For, while they have been assuring Germans that postponement is not an option, Chancellor Helmut Kohl's aides have been busily planning escape routes. Version one, the meltdown scenario, foresees a day in the not- too-distant future when Bonn might have to cancel the project.

The result would be a leap in the value of the German mark, currently kept low by expectations that it will give way to somewhat softer money. Other currencies, notably the lira, would no longer be held afloat by the mark, and would collapse.

While speculators would double their fortunes overnight, there would be a political fallout. Several European countries that have worked hard for years to come up to German standards, would rightly blame Germany for ruining their economies.
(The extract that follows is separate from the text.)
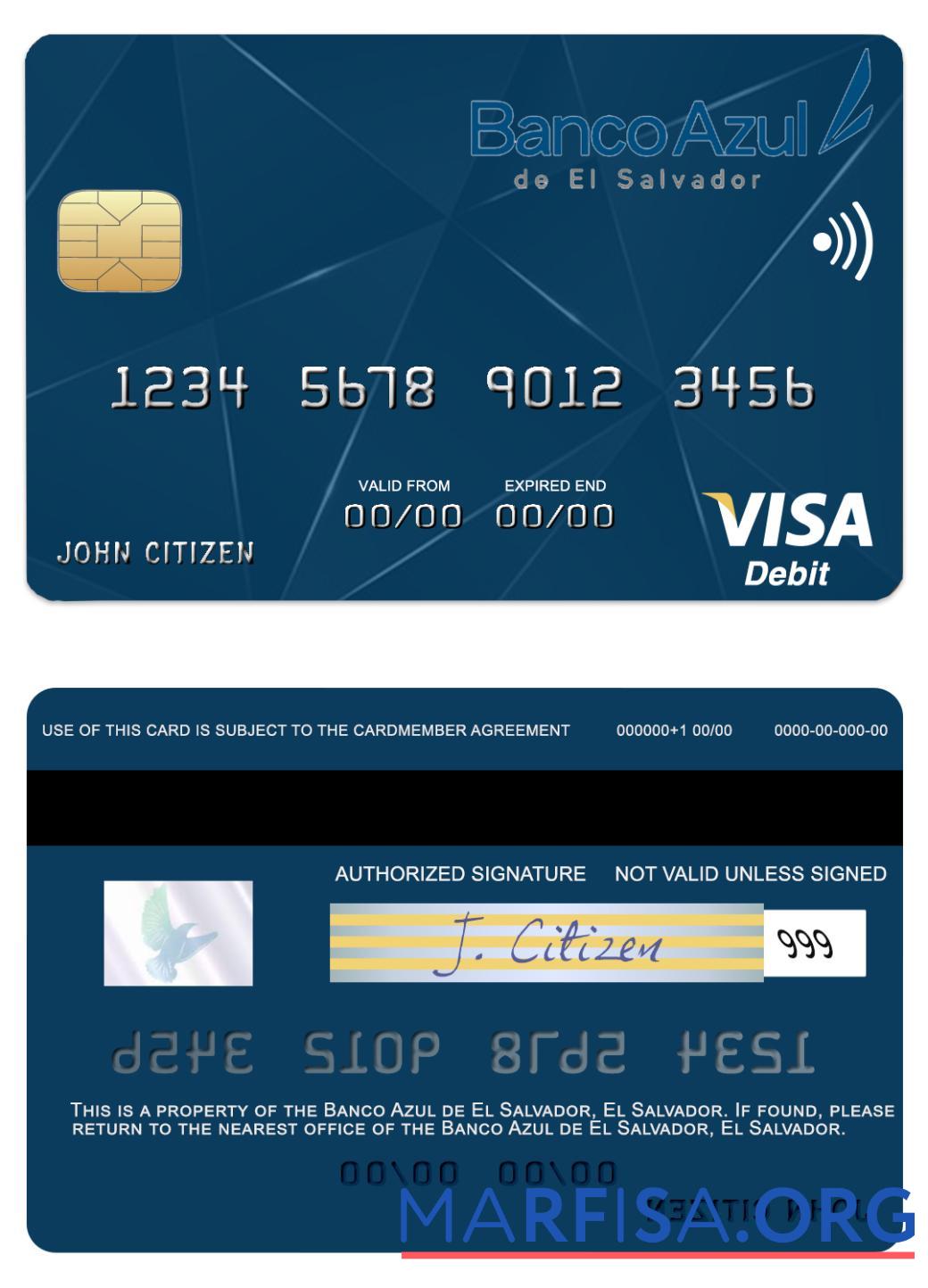 Realistic El Salvador Banco Azul de El Salvador visa debit card download for verification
To avert this catastrophe, German officials have devised what they think is a wonderful compromise; monetary union would start on 1 January 1999 as scheduled, but "only on paper". Exchange rates of participating currencies would be locked together gradually, starting with the most stable - the mark, French franc, Austrian schilling and Dutch guilder - and bringing in the other countries as they made the grade.

For the first year, therefore, the European Central Bank would only pretend to set interest rates and monetary targets across the core group. Its real work would begin a year later than planned, in 2000. The beauty of this arrangement is that it would give the likes of Italy and Spain an extra 12 months to put their houses in order. The delay would be justified by commercial interests: Shops have long been complaining that the current transitional period, during which they will have to juggle two currencies, is too long.

The final deadline of January 2002, when the euro is set to replace national currencies, would still be kept. There would, therefore, be no postponement, as Mr Kohl might well be arguing this time next year. Emu institutions could begin operating on schedule but the decision about which countries are members would be delayed.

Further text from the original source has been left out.